Content starts

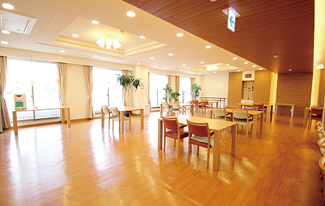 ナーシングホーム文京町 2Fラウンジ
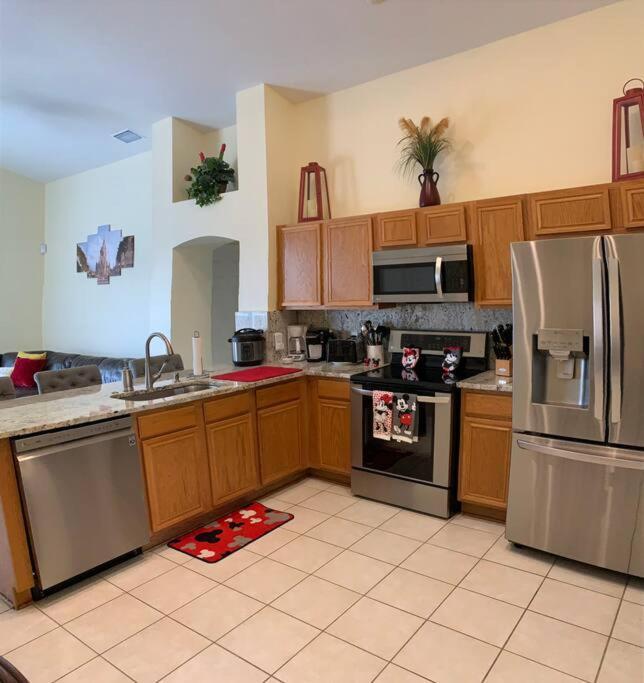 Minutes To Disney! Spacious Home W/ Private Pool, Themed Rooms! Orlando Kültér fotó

Content ends
Content starts

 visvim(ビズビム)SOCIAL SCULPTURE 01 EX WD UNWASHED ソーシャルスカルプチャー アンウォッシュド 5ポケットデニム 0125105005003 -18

Content ends

Task objective:
Look above for the line with "ナーシングホーム文京町 2Fラウンジ" and the line with "Minutes To Disney!", then restate exactly those two lines and all lines between them, with no pictures.

Response area:
 ナーシングホーム文京町 2Fラウンジ
 Minutes To Disney! Spacious Home W/ Private Pool, Themed Rooms! Orlando Kültér fotó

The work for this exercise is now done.